[Stored items]
········
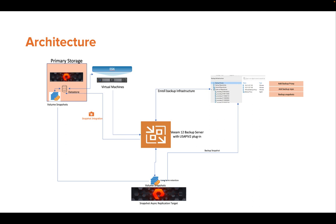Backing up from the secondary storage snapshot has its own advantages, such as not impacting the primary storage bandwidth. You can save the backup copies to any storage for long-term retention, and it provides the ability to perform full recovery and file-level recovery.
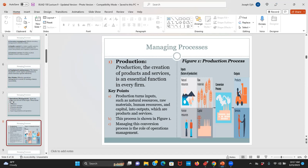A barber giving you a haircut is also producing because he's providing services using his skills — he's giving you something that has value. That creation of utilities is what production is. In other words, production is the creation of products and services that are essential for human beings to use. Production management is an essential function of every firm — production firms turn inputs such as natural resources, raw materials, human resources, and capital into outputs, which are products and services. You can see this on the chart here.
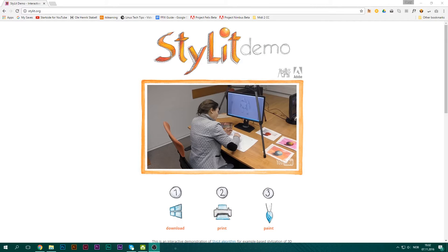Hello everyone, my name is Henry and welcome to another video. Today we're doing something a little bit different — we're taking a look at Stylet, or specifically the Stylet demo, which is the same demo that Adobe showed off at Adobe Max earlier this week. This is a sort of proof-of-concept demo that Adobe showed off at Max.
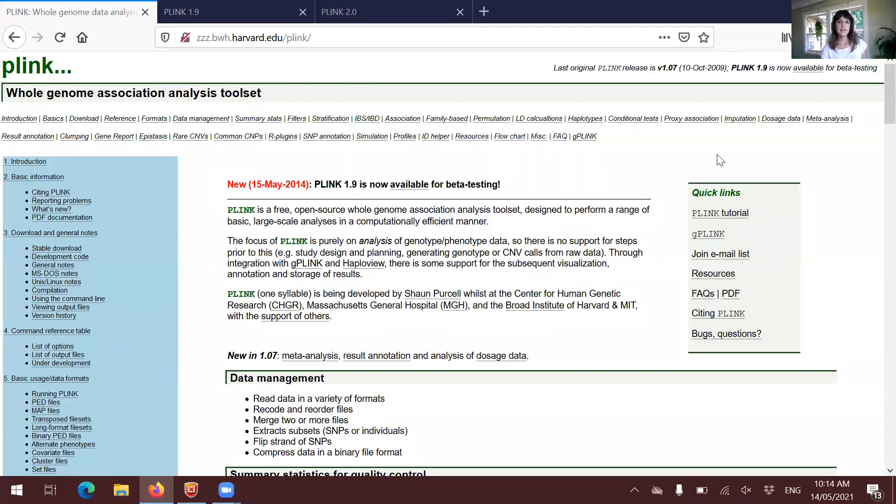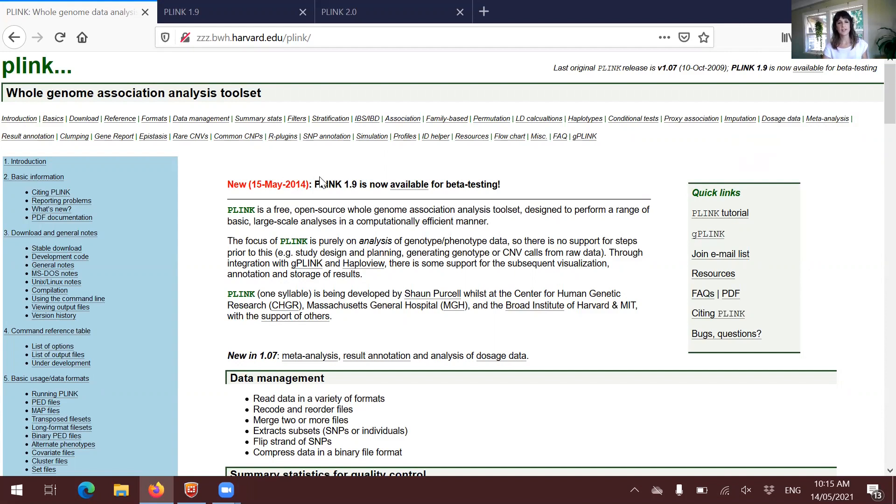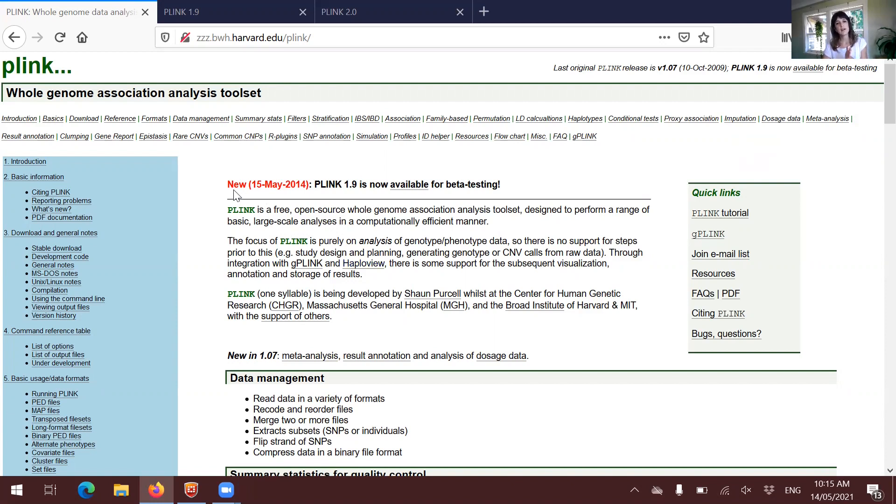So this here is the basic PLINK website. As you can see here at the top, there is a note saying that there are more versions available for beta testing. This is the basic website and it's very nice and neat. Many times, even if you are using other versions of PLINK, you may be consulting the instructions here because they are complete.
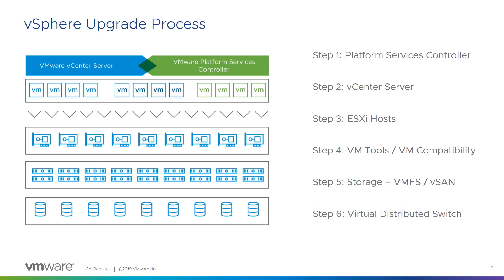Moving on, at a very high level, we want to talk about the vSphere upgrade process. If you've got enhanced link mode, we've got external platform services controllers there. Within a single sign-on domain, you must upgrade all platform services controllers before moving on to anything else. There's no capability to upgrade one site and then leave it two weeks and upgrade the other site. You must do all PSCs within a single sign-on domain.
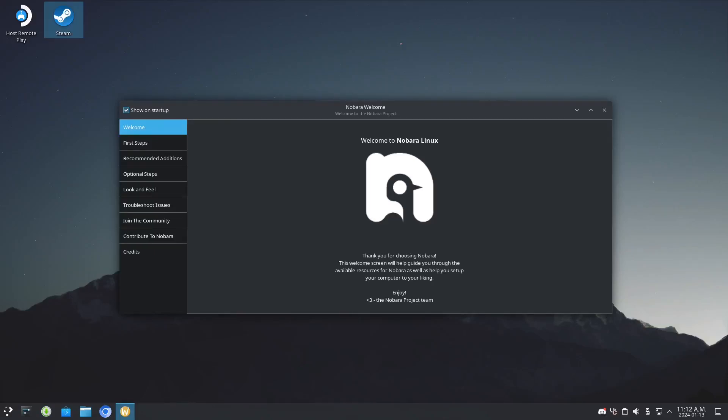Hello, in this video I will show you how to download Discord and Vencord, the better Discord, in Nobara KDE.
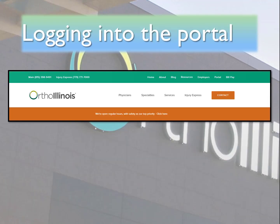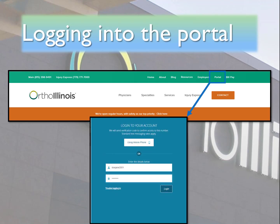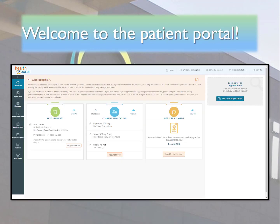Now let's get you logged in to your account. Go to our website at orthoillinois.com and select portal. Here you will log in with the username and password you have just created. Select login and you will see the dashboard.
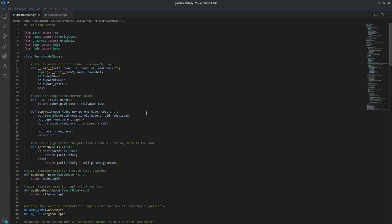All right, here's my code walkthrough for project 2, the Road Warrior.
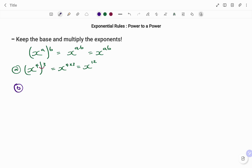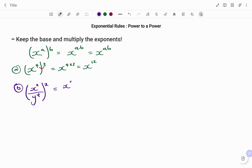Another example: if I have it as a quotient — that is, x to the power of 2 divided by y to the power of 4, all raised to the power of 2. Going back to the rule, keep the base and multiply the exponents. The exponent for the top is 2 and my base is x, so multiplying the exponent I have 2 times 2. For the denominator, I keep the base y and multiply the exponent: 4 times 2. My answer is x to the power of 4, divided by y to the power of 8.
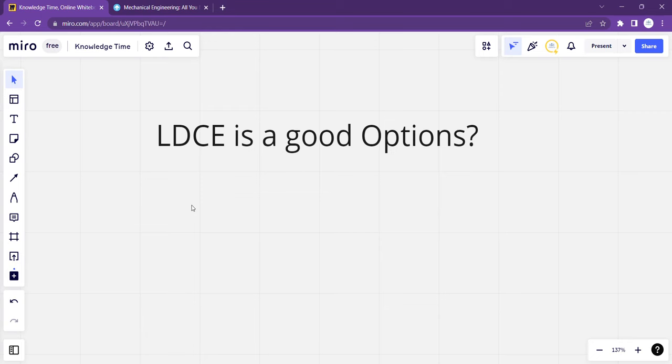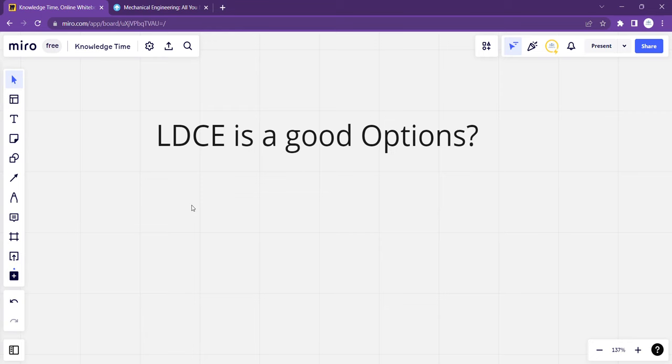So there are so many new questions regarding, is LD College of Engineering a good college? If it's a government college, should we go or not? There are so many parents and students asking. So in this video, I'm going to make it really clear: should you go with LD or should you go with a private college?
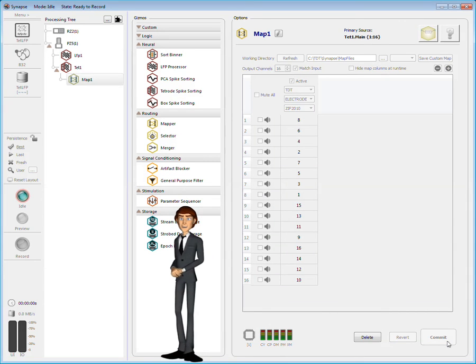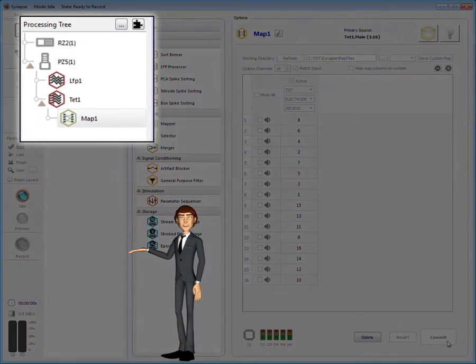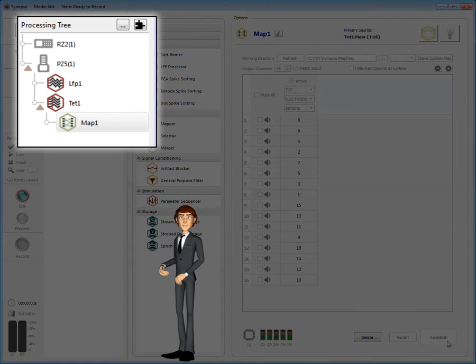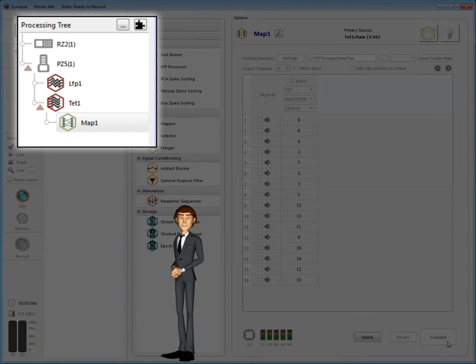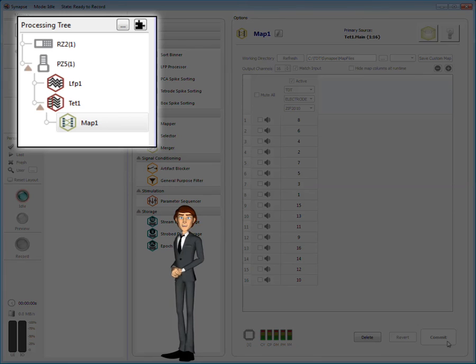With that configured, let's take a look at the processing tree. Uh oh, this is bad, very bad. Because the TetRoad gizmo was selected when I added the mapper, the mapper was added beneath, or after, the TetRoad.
········
*What to produce*.
Above are some records. Reproduce the lines from the one with "A barber giving" down to the one with "Hello, in this", keeping both, and leave every picture out.

*Completed exercise*.
A barber giving you a haircut is also producing because he's providing services using his skills — he's giving you something that has value. That creation of utilities is what production is. In other words, production is the creation of products and services that are essential for human beings to use. Production management is an essential function of every firm — production firms turn inputs such as natural resources, raw materials, human resources, and capital into outputs, which are products and services. You can see this on the chart here.
Hello everyone, my name is Henry and welcome to another video. Today we're doing something a little bit different — we're taking a look at Stylet, or specifically the Stylet demo, which is the same demo that Adobe showed off at Adobe Max earlier this week. This is a sort of proof-of-concept demo that Adobe showed off at Max.
So this here is the basic PLINK website. As you can see here at the top, there is a note saying that there are more versions available for beta testing. This is the basic website and it's very nice and neat. Many times, even if you are using other versions of PLINK, you may be consulting the instructions here because they are complete.
Moving on, at a very high level, we want to talk about the vSphere upgrade process. If you've got enhanced link mode, we've got external platform services controllers there. Within a single sign-on domain, you must upgrade all platform services controllers before moving on to anything else. There's no capability to upgrade one site and then leave it two weeks and upgrade the other site. You must do all PSCs within a single sign-on domain.
Hello, in this video I will show you how to download Discord and Vencord, the better Discord, in Nobara KDE.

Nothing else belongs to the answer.